Martyr
- Born: c. 1550 Wigan, Greater Manchester, England
- Died: 13 April, 1590 (aged 39 - 40) Rochester, Kent, England
- Beatified: 15 December 1929 by Pope Pius XI
- Feast: 13 April

= Miles Gerard =

English Roman Catholic priest and martyr

Miles Gerard (born about 1550 at Wigan; executed at Rochester 13 (30?) April, 1590) was an English Roman Catholic priest. He is a Catholic martyr, beatified in 1929.

==Life==

Descended perhaps from the Gerards of Ince, he was, about 1576, tutor to the children of Squire Edward Tyldesley, at Morleys Hall, near Astley, Lancashire. In 1579 he attended the English College at Douai and Reims. He was ordained 7 April 1583, and then stayed on as professor at the college until 31 August 1589 (O.S.), when he started for England with five companions.

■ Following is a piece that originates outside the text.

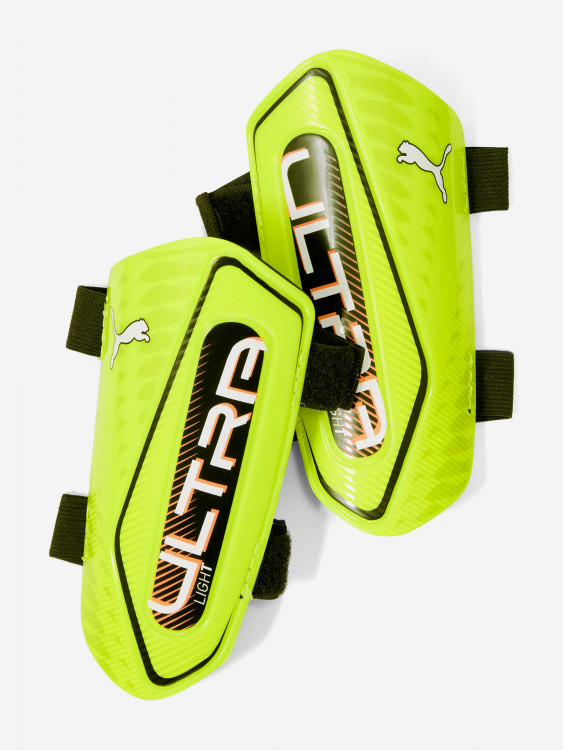 Щитки футбольные Puma Ultra Light Strap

At Dunkirk the sailors refused to take more than two passengers; so the missioners tossed for precedence, and Gerard and Francis Dicconson, the eldest (it seems) and youngest of the party, won. Though bound for London, they were driven out of their course into Dover harbour, where they were examined and arrested on suspicion (24 November, N.S.). A contemporary newsletter says that they were wrecked, and escaped the sea only to fall into the hands of persecutors on shore, but this is not consistent with the official records. These show that the prisoners at first gave feigned names and ambiguous answers, but soon thought it better to confess all.

After torture in London prisons under the notorious Richard Topcliffe, they were condemned as traitors. They were taken to Rochester, where they were hanged and quartered, says Father John Curry, writing shortly afterwards.